### EXERCISE
Copy out precisely the line that holds "Uyuşturucu konteyner yuvarlak kare düğme" and all the lines following it in the data, up to and including the last one, and no others.

### DATASET RECORDS
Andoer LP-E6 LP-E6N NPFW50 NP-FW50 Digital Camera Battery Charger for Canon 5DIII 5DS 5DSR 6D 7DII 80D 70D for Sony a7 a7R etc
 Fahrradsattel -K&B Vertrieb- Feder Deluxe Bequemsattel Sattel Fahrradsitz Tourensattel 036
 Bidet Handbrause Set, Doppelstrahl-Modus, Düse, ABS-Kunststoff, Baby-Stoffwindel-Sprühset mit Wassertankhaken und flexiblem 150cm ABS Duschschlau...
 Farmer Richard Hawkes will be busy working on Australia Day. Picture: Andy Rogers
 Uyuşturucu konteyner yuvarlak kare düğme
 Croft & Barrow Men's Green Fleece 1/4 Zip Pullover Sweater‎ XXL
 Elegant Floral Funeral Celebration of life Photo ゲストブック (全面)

### RESPONSE AREA
 Uyuşturucu konteyner yuvarlak kare düğme
 Croft & Barrow Men's Green Fleece 1/4 Zip Pullover Sweater‎ XXL
 Elegant Floral Funeral Celebration of life Photo ゲストブック (全面)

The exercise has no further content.